View PostAbyss, on 10 July 2017 - 02:12 PM, said:

Just finished VE Schwab's SHADES OF MAGIC trilo (in earbook).

Y'know that feeling when you read an entire series start to finish and it's great and has a satisfying end and reminds you why you enjoy fantasy lit? Well, that.

This is fun, solid fantasy. Dark at times, with great characters written well. The magic itself isn't wildly novel, basic element based magic with 'blood' magic thrown in for the more powerful, but the setting is terrific.
Four Londons.... Grey, Red, White and Black. Black was overtaken by magic, and Red closed all the portals between worlds to protect itself, leaving White, closer to Black, to shrivle and fade with little magic to survive.
Grey London is 'our' world, in the 1800s. My only real critique of the series is that 1800s London reads like the author read a Wikipedia article or two about it, but it's a small part of the story and not a serious down point. Red and White Londons are fantastically written and the wider worlds, while getting less screen time, are just as fascinating.

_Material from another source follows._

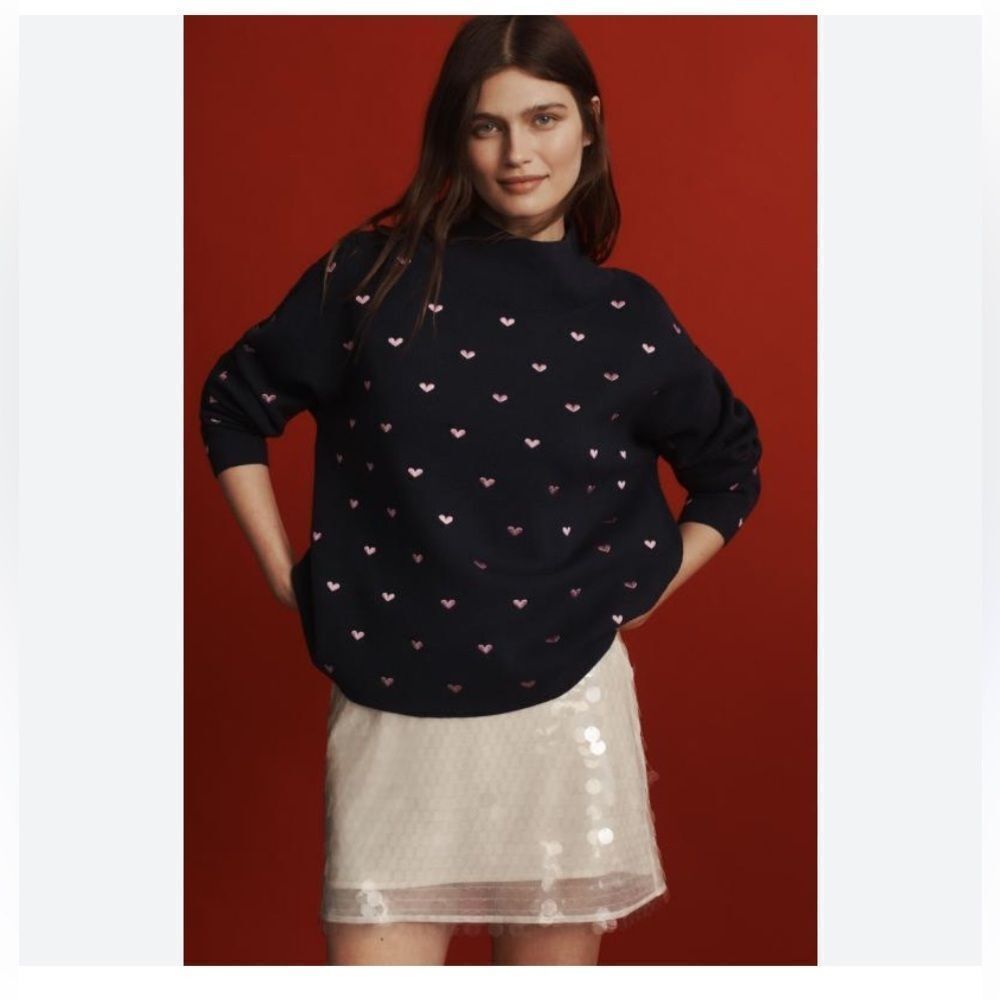 Anthropologie Pink Heart Navy Blue Mock Neck Sweater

The characters are well realized and interact wonderfully, surprising the reader in ways that make perfect, at times frustrating sense.
Terrific action scenes.... bk 2 features a magic competition that's pure fantasy candy, and elsewhere when fights happen the pace is tight, the action real and bloody but not overdone.

Book 3 has one of of the bestest 'magic market of magic things' settings i have read in ages.

I also give the author credit for not shirking away from including same sex relationships in the story in part as an accepted cultural thing, but also as a problem for some.

I would utterly read more in this world by this author, whether she revisitted these characters or new ones.

Worth your money and eyetime.


Admit it, you just want Kell's coat like the rest of us!